I've seen a similar failure when the internal C code creates a stack that's bigger than the allocated stack space. It then writes onto the heap and then the moment the overwritten object is referenced it can cause a hard fault. This case may be different though.

dhalbert commented 5 years ago

We could add MP_STACK_CHECK() before the import code to see if we could catch this. This "manually" checks for the stack overflowing into the guard region, I believe.

dhalbert commented 5 years ago

@klardotsh Do you have a commit in your repo that provokes the problem?

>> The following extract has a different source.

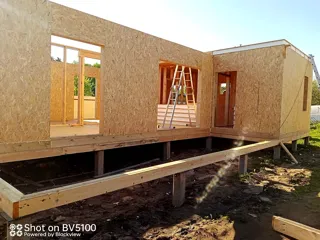 Haus 102 m², Projekt „Mistika - E2.8“, Gebiet Moskau: Wandmontage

I'd like to test against it.

klardotsh commented 5 years ago

There's no commit for it explicitly (it got rebased away when I was squashing down my then-WIP branch), however removing everything above line 37 in https://github.com/KMKfw/kmk_firmware/blob/master/kmk/firmware.py (master branch of KMKfw/kmk_firmware) should trigger at least the RuntimeError - not sure if it repros the deadlock (it may?), and I didn't end up with time this weekend to construct an independent repro example, sadly.

Flashing instructions for KMK are available at https://github.com/KMKfw/kmk_firmware/blob/master/docs/flashing.md (it rsyncs over the kmk folder, a main.py - using USER_KEYMAP=user_keymaps/klardotsh/klarank_featherm4.py, you'll end up in the same state as what I use at home - as well as one dependency from micropython-lib, the string standard library polyfill)

If that doesn't repro, I'll try to assemble a specific and shrunken-down repro example this week.

tannewt commented 5 years ago

I don't think this is an issue anymore because 1) we check to make sure the stack hasn't overwritten the heap now and go into safe mode if it does and 2) we can enter safe mode manually by clicking reset when the status neopixel is yellow.